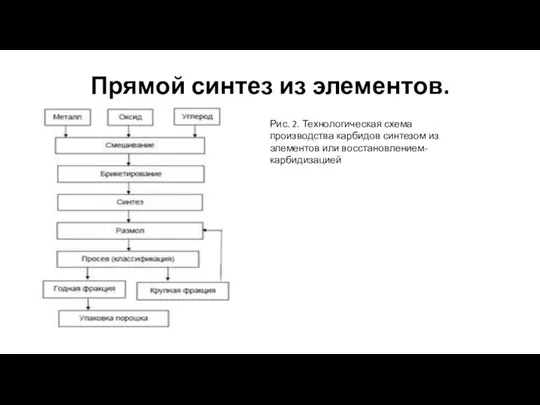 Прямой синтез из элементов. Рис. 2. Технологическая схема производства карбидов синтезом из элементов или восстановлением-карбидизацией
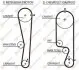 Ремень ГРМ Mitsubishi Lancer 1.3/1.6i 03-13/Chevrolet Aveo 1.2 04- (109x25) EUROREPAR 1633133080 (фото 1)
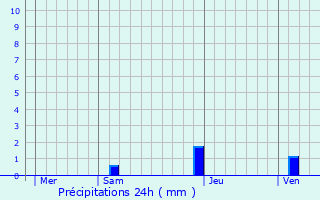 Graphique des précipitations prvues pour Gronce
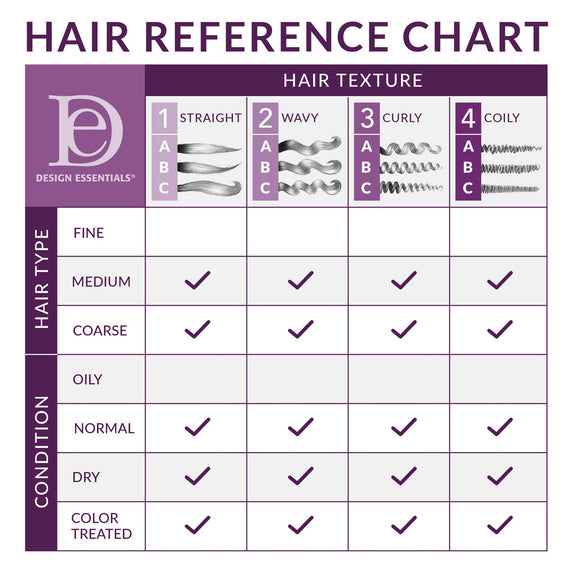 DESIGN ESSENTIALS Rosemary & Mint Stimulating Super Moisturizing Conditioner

******

Nothing but the lines from the line containing "Ремень ГРМ Mitsubishi" through the last line of the listing above should appear, output exactly, with no pictures.

(Answer box)
 Ремень ГРМ Mitsubishi Lancer 1.3/1.6i 03-13/Chevrolet Aveo 1.2 04- (109x25) EUROREPAR 1633133080 (фото 1)
 Graphique des précipitations prvues pour Gronce
 DESIGN ESSENTIALS Rosemary & Mint Stimulating Super Moisturizing Conditioner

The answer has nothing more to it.